Mercury (Hobart)

Fame’s reward for

- SIMON WILKINSON

IN a rare escape from their own kitchens, five of Tasmania’s top chefs are preparing to poke, prod, taste and judge some of the state’s top produce this week.

Franklin’s Analiese Gregory, Aloft’s Christian Ryan and Glenn Byrnes, A Tiny Place’s Philippe Leban and The Agrarian Kitchen’s Rodney Dunn will sample the best from dairy, earth, paddock and sea as part of the National Delicious Produce Awards.

Dairy contenders will include Mount Cygnet Dairy and Tongola Cheese, and earth and paddock producers will include Tunnel Hill Mushrooms, the Wellington Apiary, York Town Organics, Big River Highland Beef, Huon Valley Berkshires, Pounsley Park Quail Eggs and Springfiel­d Deer Farm. Seafood entrants include Ashmores Southern Fish Markets and The Oyster Province.

“The award finalists from each state end up dominating restaurant menus around the country for the next year,” Delicious editor-in-chief Kerrie McCallum says.

“That cheese you are eating, or the kangaroo, or the chicken or the goose, the chef has probably discovered from our awards.

“That’s where the trend starts bubbling away. You see a particular ingredient, or chicken eaten a certain way. It becomes a talking point. And then those trends start to trickle down to the main- stream. It may not happen straight away but what happens in restaurant­s does make it to home tables.”

Products such as the vacuum-packed mussels from Kinkawooka in Port Lincoln first came to national attention in the delicious awards. Now they are a common sight in restaurant­s and fish shops in many states.

The same applies to the cheeses from Holy Goat in Victoria or the beef of Blackmore wagyu or Mayura Station.

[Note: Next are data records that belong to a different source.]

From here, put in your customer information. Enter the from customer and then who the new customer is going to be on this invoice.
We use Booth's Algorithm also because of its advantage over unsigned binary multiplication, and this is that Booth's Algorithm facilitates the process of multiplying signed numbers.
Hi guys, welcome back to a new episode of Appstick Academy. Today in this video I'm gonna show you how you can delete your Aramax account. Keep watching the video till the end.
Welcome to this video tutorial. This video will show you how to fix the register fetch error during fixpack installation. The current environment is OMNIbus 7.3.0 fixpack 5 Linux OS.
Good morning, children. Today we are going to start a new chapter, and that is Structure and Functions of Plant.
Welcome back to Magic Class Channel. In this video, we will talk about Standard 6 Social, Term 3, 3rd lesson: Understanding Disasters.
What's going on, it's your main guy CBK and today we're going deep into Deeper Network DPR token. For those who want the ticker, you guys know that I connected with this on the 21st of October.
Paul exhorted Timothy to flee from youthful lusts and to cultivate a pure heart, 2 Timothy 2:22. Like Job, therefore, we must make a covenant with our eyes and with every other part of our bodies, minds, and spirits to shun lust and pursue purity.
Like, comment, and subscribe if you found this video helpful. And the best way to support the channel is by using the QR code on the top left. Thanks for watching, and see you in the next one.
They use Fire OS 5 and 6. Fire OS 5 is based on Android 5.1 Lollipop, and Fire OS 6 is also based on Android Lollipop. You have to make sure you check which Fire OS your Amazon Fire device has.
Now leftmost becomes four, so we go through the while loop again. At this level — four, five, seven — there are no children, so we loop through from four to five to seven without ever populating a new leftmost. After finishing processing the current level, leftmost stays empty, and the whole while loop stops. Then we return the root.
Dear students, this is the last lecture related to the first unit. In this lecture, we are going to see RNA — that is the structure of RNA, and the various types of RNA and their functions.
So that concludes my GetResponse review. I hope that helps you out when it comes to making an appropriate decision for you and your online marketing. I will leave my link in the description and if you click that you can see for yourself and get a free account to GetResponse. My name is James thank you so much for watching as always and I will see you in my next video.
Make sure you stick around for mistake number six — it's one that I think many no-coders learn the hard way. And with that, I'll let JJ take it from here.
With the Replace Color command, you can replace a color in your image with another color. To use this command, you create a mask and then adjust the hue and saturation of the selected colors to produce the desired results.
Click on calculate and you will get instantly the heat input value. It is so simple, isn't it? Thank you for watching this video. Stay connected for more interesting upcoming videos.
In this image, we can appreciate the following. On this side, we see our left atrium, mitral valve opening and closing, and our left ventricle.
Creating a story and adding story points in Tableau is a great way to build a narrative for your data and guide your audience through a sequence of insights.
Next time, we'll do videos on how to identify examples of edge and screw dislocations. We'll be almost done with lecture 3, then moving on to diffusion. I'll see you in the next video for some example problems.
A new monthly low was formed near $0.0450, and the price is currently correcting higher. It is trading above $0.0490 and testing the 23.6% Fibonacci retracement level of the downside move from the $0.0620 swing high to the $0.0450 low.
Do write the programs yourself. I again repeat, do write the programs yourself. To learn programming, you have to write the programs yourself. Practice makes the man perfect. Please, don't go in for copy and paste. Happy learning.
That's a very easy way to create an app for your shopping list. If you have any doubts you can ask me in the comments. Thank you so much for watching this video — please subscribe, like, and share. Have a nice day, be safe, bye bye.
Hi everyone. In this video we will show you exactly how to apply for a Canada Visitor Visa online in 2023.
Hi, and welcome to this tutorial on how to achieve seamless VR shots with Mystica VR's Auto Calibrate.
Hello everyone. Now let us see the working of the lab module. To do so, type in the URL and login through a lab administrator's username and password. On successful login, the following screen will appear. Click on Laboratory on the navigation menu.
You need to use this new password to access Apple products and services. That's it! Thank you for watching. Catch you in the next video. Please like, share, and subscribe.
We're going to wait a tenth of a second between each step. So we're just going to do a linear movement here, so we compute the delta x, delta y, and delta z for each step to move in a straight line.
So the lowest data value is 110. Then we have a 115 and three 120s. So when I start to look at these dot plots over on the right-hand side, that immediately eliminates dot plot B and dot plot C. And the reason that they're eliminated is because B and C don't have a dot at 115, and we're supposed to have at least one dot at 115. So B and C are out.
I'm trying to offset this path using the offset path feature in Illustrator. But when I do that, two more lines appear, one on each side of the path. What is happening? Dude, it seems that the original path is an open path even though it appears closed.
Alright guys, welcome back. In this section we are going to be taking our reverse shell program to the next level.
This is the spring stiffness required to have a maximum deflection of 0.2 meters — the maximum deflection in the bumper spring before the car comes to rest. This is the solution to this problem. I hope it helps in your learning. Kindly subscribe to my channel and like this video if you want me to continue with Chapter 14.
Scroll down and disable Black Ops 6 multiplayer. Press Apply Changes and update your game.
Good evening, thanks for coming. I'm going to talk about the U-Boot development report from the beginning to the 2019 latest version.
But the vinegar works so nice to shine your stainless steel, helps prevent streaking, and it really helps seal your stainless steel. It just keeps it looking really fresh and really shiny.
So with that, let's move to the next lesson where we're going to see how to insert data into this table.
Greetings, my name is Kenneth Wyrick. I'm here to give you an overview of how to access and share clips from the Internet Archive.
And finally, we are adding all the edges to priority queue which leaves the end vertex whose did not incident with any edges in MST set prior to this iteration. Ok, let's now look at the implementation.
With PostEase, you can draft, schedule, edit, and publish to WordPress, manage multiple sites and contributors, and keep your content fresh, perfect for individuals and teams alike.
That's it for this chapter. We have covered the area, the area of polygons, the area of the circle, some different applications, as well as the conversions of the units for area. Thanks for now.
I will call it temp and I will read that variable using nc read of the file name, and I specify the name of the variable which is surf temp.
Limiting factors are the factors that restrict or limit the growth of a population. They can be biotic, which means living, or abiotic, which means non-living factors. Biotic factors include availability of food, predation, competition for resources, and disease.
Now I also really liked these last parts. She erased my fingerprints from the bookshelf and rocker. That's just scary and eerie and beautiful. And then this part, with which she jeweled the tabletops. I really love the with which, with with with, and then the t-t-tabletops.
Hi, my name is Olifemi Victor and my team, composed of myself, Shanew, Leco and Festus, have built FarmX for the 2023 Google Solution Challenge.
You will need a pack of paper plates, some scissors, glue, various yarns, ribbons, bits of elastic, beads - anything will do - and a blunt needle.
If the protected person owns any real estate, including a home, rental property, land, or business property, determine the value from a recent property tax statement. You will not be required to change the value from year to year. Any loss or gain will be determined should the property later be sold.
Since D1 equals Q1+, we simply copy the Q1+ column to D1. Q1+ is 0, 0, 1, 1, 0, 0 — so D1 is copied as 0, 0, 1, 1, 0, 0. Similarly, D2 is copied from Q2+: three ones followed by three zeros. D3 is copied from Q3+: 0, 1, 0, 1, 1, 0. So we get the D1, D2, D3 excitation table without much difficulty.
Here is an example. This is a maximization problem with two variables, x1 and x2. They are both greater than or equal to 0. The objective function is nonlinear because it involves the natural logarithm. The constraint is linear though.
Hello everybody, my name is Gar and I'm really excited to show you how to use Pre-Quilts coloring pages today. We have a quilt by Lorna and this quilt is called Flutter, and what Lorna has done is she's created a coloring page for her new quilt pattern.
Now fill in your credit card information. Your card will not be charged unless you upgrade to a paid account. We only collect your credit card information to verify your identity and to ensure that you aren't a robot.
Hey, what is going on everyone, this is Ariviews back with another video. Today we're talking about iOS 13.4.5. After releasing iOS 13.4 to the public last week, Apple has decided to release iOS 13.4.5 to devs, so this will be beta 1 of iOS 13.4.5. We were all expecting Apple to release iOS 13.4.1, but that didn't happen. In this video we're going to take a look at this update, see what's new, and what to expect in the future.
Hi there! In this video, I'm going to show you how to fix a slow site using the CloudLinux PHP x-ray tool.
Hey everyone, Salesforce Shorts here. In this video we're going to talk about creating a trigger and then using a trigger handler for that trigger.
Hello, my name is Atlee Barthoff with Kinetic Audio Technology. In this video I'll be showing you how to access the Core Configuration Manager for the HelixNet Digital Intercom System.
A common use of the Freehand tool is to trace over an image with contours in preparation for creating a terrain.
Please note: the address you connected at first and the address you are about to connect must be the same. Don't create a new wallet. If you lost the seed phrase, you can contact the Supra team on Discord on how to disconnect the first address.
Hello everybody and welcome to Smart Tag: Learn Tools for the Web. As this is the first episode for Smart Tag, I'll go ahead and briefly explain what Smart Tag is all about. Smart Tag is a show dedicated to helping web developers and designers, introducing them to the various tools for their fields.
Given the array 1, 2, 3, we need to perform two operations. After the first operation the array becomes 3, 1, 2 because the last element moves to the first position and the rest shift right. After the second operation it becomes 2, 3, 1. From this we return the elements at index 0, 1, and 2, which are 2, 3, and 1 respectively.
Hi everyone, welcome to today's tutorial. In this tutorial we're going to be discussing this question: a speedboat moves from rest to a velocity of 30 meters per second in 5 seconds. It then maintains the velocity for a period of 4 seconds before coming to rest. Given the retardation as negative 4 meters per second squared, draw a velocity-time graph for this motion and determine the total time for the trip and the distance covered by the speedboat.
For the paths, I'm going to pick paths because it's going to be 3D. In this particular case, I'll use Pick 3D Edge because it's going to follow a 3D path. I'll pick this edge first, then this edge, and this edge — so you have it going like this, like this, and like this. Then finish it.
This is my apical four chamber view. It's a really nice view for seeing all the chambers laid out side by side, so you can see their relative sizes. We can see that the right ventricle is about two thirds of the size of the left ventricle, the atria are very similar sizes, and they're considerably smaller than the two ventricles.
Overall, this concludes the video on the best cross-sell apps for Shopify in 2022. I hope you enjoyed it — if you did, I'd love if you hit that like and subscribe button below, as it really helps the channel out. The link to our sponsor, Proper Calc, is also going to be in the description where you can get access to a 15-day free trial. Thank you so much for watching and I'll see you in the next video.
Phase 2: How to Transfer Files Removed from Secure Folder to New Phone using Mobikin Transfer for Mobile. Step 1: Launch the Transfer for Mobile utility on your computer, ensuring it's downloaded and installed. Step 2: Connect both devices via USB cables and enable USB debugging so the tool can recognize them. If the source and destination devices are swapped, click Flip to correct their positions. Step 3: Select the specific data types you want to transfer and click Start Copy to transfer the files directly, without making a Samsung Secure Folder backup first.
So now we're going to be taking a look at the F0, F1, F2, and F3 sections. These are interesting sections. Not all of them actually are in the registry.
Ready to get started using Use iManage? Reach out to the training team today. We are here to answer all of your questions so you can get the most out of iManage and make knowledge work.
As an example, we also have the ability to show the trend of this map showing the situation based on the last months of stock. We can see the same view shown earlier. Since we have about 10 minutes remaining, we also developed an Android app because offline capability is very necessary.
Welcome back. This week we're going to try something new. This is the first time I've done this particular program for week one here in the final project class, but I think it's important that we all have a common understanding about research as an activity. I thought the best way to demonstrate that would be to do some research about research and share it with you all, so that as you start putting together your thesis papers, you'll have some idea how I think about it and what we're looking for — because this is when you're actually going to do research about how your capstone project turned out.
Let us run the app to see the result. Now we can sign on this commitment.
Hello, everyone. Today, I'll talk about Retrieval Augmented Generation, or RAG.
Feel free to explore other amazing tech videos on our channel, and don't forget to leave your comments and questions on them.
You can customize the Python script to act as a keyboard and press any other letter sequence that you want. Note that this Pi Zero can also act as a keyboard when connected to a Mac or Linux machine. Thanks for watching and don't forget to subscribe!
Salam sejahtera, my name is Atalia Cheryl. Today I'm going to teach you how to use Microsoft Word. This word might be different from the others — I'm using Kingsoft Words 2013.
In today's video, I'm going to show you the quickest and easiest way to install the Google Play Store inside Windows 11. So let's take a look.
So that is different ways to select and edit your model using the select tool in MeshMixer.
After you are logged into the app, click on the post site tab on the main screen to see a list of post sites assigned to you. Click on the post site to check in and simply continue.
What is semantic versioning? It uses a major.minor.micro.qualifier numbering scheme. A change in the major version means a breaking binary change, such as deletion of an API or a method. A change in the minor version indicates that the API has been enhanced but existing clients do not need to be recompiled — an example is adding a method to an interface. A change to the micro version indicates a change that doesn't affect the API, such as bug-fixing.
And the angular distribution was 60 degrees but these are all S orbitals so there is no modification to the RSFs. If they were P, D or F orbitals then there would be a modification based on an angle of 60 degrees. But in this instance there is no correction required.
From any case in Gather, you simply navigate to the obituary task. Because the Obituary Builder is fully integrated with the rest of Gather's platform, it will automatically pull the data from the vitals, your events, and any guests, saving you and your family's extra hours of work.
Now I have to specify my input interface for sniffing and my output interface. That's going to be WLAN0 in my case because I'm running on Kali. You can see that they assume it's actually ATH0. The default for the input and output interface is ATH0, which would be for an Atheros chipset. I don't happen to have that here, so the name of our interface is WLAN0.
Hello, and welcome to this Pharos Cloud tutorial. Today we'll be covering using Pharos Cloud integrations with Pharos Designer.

Restaurate­ur and chef Matt Moran, a judge and ambassador for the Delicious awards, believes they give producers a well-deserved showcase.

“Australian food culture is where it is now because of these producers,” he says. “Food brands are so much more important now and, by naming certain producers, once they become known in the marketplac­e, people seek them out. They know there is a stamp of quality attached to that brand.”

The awards also have the benefit of lifting the standard nationally, McCallum says.

“Our judges are the crème de la crème of the industry. If they judge a product to be a winner then that is the benchmark. That is what all the producers strive for.”

She also believes the awards have helped put topics such as the sourcing and ethics of food on the agenda.

“Home cooks are learning that minimal interventi­on is great and you only need a few pieces of good produce to make a great meal,” she says. “That talking point of where your food came from, the story behind it, eating local, eating sustainabl­e, those things are ... not just a niche conversati­on any more.”

Moran agrees. “People want to know what they are putting in their mouths now,” he says. “They want to know how it has been bred, handled, raised and how ethical it is. People care about food more and their knowledge has increased so much. It’s a beautiful thing.”

Moran has seen how the awards have helped producers build the scale of their business and get a better return for their hard work.